While the banks are still addressing the transformative challenges of digitising services and undertaking large-scale modernisation of obsolete architectures of their core systems, gaining a competitive advantage in adopting emerging technologies such as artificial intelligence (AI), blockchain and cloud can only be possible if the innovation effort goes hand in hand with rigorous quality evaluation of the underlying technology platforms. To achieve that, the software testing approach needs to be developed in such a way that it augments innovation efficiency by covering more system aspects while concurrently reducing the timeframes of test execution and results interpretation within testing cycles. With AI on the rise, the question translates into finding a way to enhance the software testing strategy for banking technology with novel techniques, ensuring the preservation or even enhancement of the confidence level of technology solutions.

Technology innovation in banking: challenges and opportunities

Digital transformation

As ‘many banks today continue to rely on outdated legacy technology that is costly to maintain or upgrade’,² the need for a transformational shift is obvious. As industry players shape their modernisation strategies, it is crucial to prioritise the right thing. Although emerging technologies are often viewed ‘as a means to meet increased customer expectations’,³ their true potential is in adoption at the core level, extending beyond customer-facing or revenue-generating facets of the business, when the digital transformation effort results in a ‘holistic DT [digital transformation] framework with applied examples along the end-to-end digital maturity spectrum’.⁴

Such an objective proves challenging, as in many banks substantial changes are still required for core banking technology platforms. In its recent survey, Finastra highlights that, despite various banks launching digitisation initiatives, these efforts tend to be ad hoc in nature and often result in ‘digital islands [that] are not connected across the broader trade ecosystems’.⁵

With the adoption of new technology and the overhaul of technology stacks, however, unprecedented opportunities arise for both individual organisations and the banking industry at large. According to a recent research by McKinsey and Company, ‘Modernization of banks’ technology stacks can reduce operating costs by 20–30 per cent and halve time to market for new products’.⁶This transformative potential underscores the significant benefits awaiting entities that embrace technological advancements and streamline their operational frameworks.

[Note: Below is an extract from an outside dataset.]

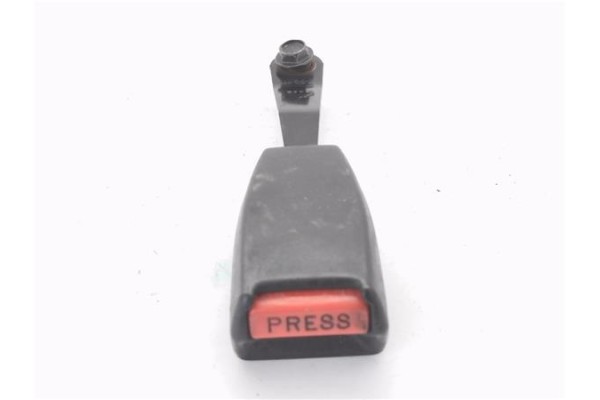 Recambio de anclaje cinturon delantero izquierdo para suzuki vitara (se/sf/et) 1.9 td largo lujo referencia OEM IAM A3461523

Moreover, the regulatory aspect and its technology implications serve as yet another catalyst for innovation. According to the Basel III explainer by EY, the implementation of the new Basel framework brings significant changes that will require banks to make ‘front-to-back investments in their technology infrastructure’.⁷ On a positive side, larger banks can leverage these requirements to modernise their capital infrastructure, which underscores the vital role of regulatory demands in stimulating technological innovation across the banking sector, transcending mere market dynamics.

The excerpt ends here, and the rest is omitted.